Problem statement >> Print the listing below only from the line that has "Forever 21 Activewear" through the line that has "World © Octane", exactly, and drop any picture.

Top of Given records

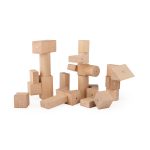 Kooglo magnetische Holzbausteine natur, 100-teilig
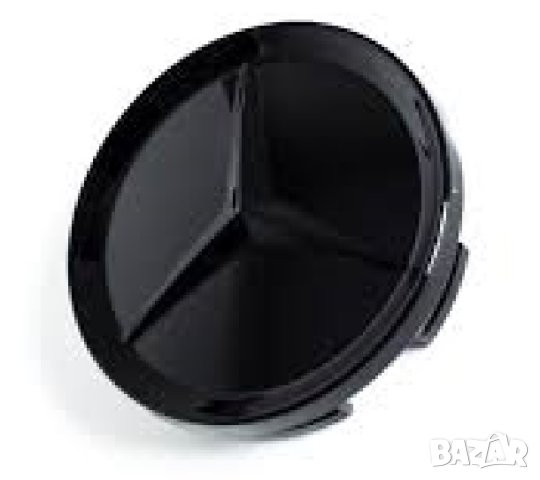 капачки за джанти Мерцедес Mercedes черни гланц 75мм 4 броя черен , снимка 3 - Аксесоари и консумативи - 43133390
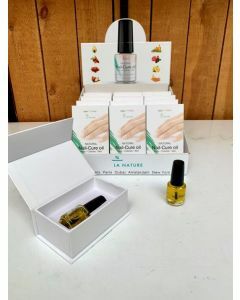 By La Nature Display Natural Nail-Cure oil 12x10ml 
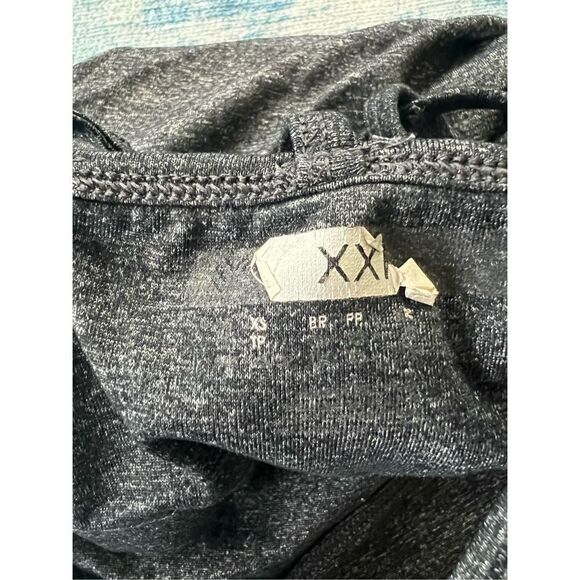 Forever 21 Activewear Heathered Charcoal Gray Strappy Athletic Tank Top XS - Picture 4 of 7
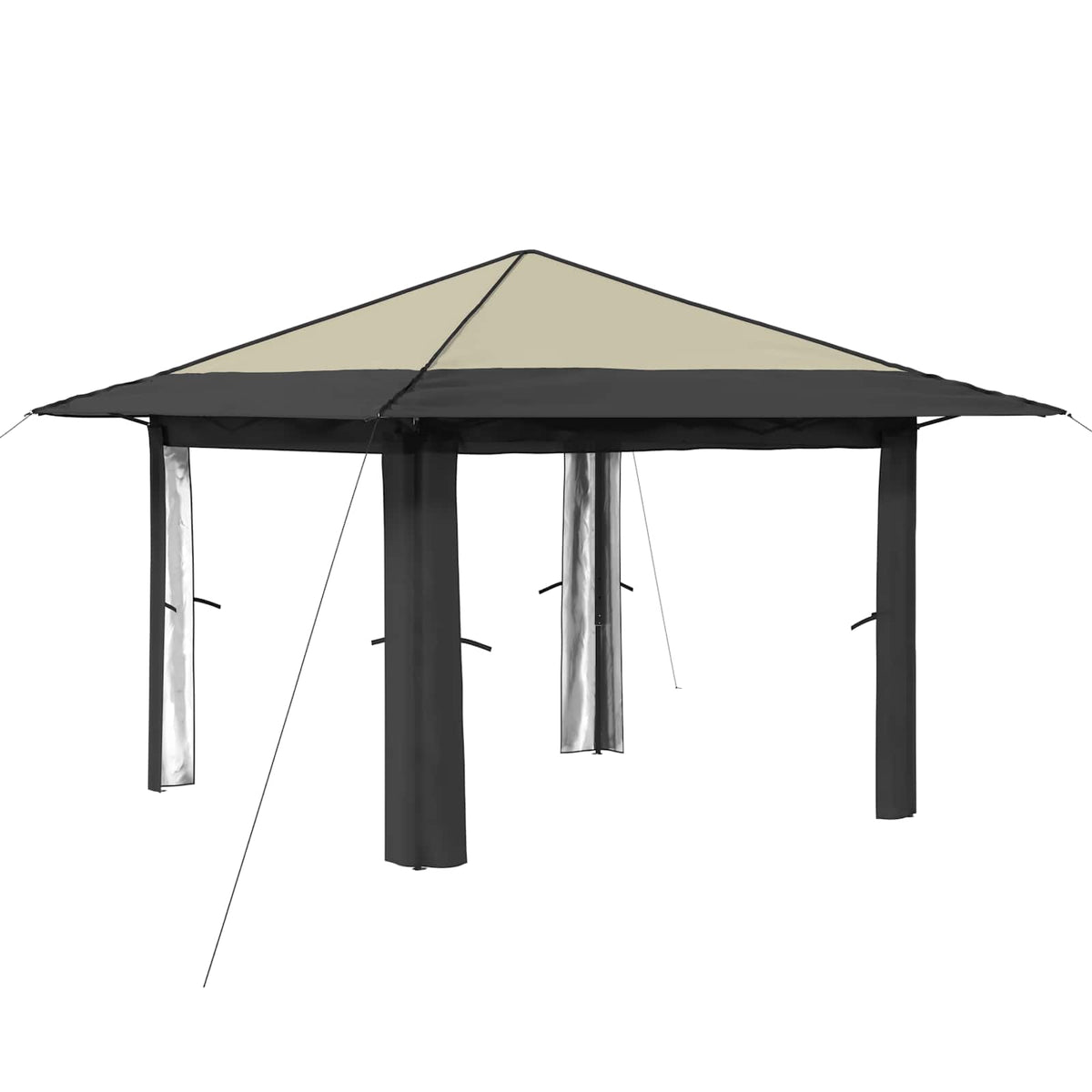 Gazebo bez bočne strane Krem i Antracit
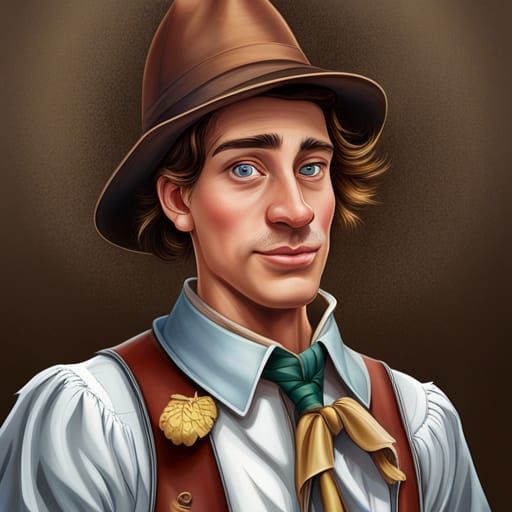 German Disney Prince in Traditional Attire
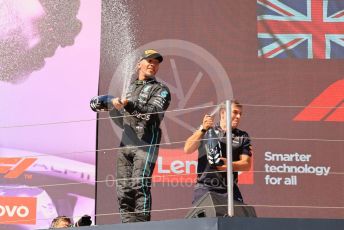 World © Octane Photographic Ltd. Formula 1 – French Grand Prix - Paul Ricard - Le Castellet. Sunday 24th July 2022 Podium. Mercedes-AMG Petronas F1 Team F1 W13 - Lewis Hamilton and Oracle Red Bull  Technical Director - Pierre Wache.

Bottom of Given records
Top of Given records

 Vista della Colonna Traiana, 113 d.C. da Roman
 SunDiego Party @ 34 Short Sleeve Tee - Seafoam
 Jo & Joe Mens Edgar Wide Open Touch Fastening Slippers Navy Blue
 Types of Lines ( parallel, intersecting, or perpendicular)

Bottom of Given records

Output below >>
 Forever 21 Activewear Heathered Charcoal Gray Strappy Athletic Tank Top XS - Picture 4 of 7
 Gazebo bez bočne strane Krem i Antracit
 German Disney Prince in Traditional Attire
 World © Octane Photographic Ltd. Formula 1 – French Grand Prix - Paul Ricard - Le Castellet. Sunday 24th July 2022 Podium. Mercedes-AMG Petronas F1 Team F1 W13 - Lewis Hamilton and Oracle Red Bull  Technical Director - Pierre Wache.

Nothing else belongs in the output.